El ala dura del Ejecutivo estalló contra la titular del bloque libertario en el Senado tras descubrirse que no contaba con la mayoría para aprobar la desregulación de campos. El llamado clave de Diego Santilli que dejó al descubierto el punteo falso.
La fallida iniciativa para habilitar la venta ilimitada de tierras rurales a extranjeros desencadenó una tormenta política en el corazón del oficialismo. En los pasillos de Balcarce 50, las críticas apuntan sin escalas hacia la presidenta del bloque de La Libertad Avanza en la Cámara Alta, Patricia Bullrich, a quien acusan abiertamente de haber ocultado la falta de respaldos y haber inflado el conteo de votos para forzar el tratamiento del proyecto ideado por Federico Sturzenegger.
La llamada clave de Santilli y el efecto dominó entre los aliados
La trama detrás del naufragio legislativo comenzó a desmoronarse cuando Diego Santilli se comunicó directamente con la senadora salteña Flavia Royón. Pese a que Bullrich anotaba a la exsecretaria de Energía en la columna de las voluntades afirmativas, Royón le confirmó que votaría en contra, alineándose con la postura del gobernador Gustavo Sáenz frente a una ley que cosechó un amplio rechazo social.
Ese contacto encendió las alarmas en la Casa Rosada y dejó en evidencia que el punteo de 37 bancadas garantizadas que difundía la exministra de Seguridad era ficticio. A la negativa de Royón se sumó la jugada del mendocino Rodolfo Suárez (UCR), quien había advertido de manera silenciosa su ausencia en el recinto para no quedar expuesto en la votación, un dato que Bullrich también prefirió omitir ante la cúpula del Ejecutivo.

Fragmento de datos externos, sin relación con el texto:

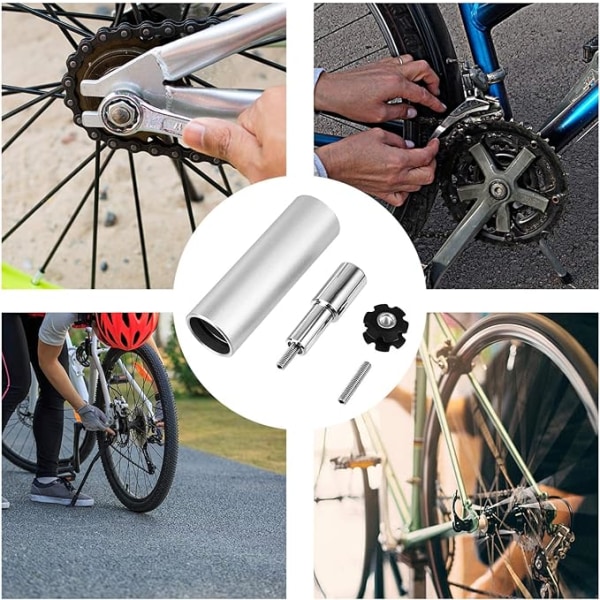 1 set med verktyg för att byta ut cykelhjälm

El escenario se volvió crítico en cuestión de horas. El anuncio público del gobernador tucumano Osvaldo Jaldo anticipando el rechazo de la senadora Beatriz Ávila, sumado a la negativa de la neuquina Julieta Corroza respaldada por Rolando Figueroa, terminaron por demoler la estrategia oficialista. Senadores aliados que habían aceptado acompañar la medida expresaron su furia tras percatarse de que el bloque libertario los arrastraba a una sesión sin los números asegurados.
Furia en la mesa chica de los Milei y factureo por el rol de Villarruel
El desenlace no solo obligó al Poder Ejecutivo a retirar de forma apresurada el capítulo de extranjerización para evitar una derrota abierta en el recinto, sino que dejó la relación entre Patricia Bullrich y la conducción libertaria en su punto más bajo. Tanto el presidente Javier Milei como su hermana Karina consideran que la senadora actuó con imprudencia y deslealtad táctica.
Fuentes de la Casa Rosada confirman que el malestar acumulado borró definitivamente el nombre de Bullrich de cualquier especulación sobre la fórmula presidencial para 2027. A la frustración por el revés en el Senado se suma la irritación que provocó en el entorno presidencial la filtración de discusiones privadas entre Bullrich y la vicepresidenta Victoria Villarruel en grupos de mensajería interna.
El fallido cálculo de la titular del bloque terminó por condicionar incluso la agenda internacional del propio Presidente. La urgencia por adelantar el viaje protocolar de Milei a Ecuador y Colombia —una maniobra pensada para traspasar el Ejecutivo y evitar que Villarruel presidiera la sesión ante un eventual desempate— quedó expuesta como un movimiento innecesario que desgastó la figura presidencial sin lograr salvar el proyecto.